Exercise goal: From the line containing "Room, Neltestraße, Berlin" to the line containing "Белорусский Belgee X50" in the entries below, reproduce every line exactly, ends included. Nothing else belongs in the copy, and no pictures.

Records for processing:
<<<<
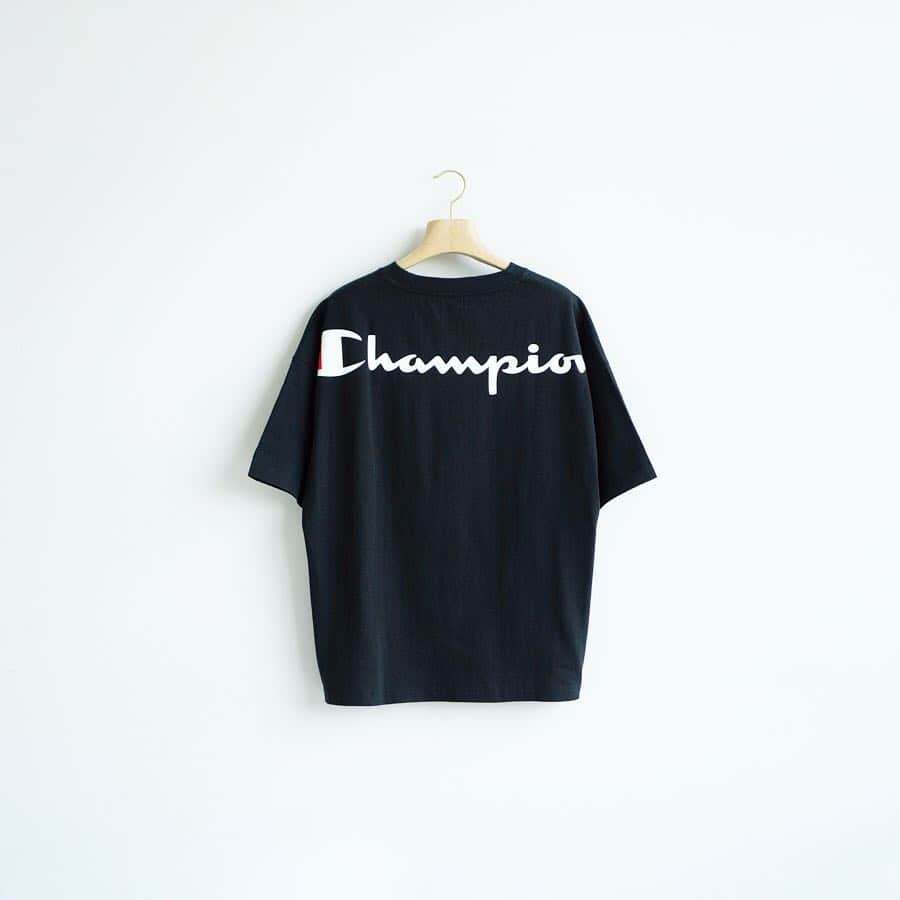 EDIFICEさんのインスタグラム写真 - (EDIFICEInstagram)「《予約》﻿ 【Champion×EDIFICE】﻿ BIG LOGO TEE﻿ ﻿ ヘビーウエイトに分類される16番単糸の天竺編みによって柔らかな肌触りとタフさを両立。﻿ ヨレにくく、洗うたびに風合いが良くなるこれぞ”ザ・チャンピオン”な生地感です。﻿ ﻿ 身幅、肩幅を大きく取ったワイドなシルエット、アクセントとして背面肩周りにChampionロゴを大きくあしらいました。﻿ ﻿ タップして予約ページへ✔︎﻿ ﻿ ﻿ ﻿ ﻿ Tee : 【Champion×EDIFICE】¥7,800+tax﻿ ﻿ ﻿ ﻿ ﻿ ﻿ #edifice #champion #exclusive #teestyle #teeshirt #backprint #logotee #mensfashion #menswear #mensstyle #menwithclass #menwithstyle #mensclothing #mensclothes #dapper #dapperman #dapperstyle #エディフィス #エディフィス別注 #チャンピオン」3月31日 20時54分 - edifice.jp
>>>>
<<<<
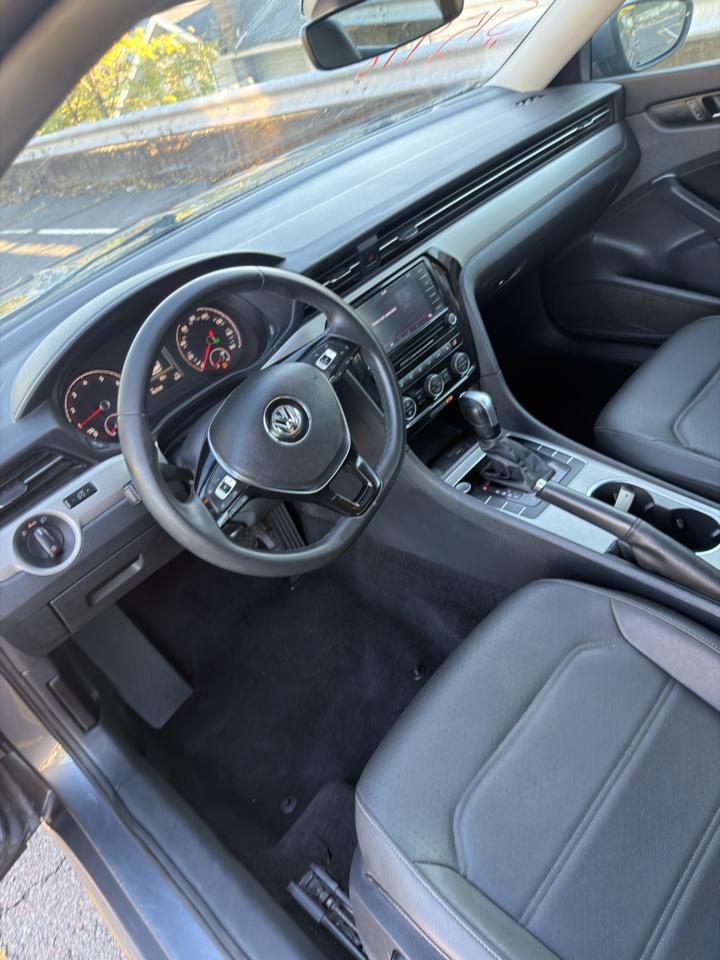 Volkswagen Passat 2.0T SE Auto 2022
>>>>
<<<<
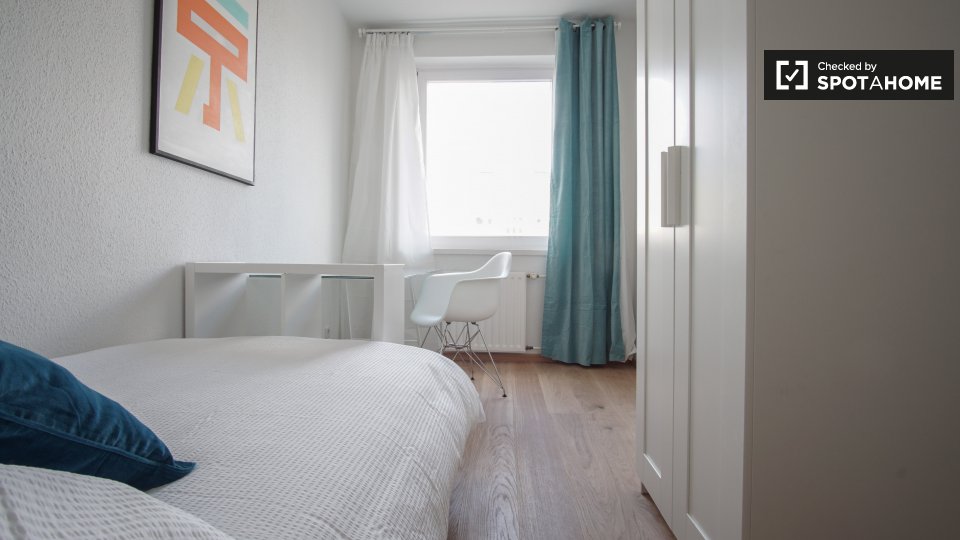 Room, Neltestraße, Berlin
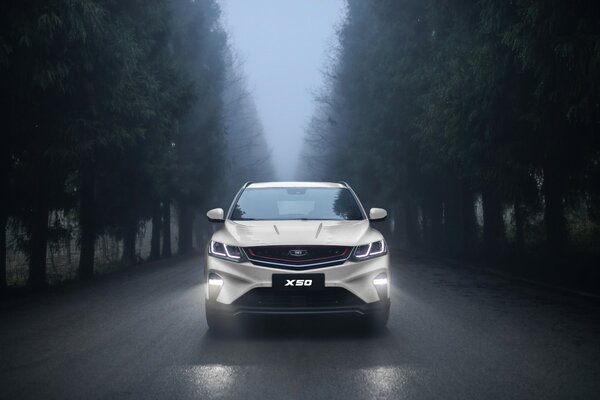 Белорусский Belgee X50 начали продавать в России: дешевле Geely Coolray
>>>>
Solution below:
 Room, Neltestraße, Berlin
 Белорусский Belgee X50 начали продавать в России: дешевле Geely Coolray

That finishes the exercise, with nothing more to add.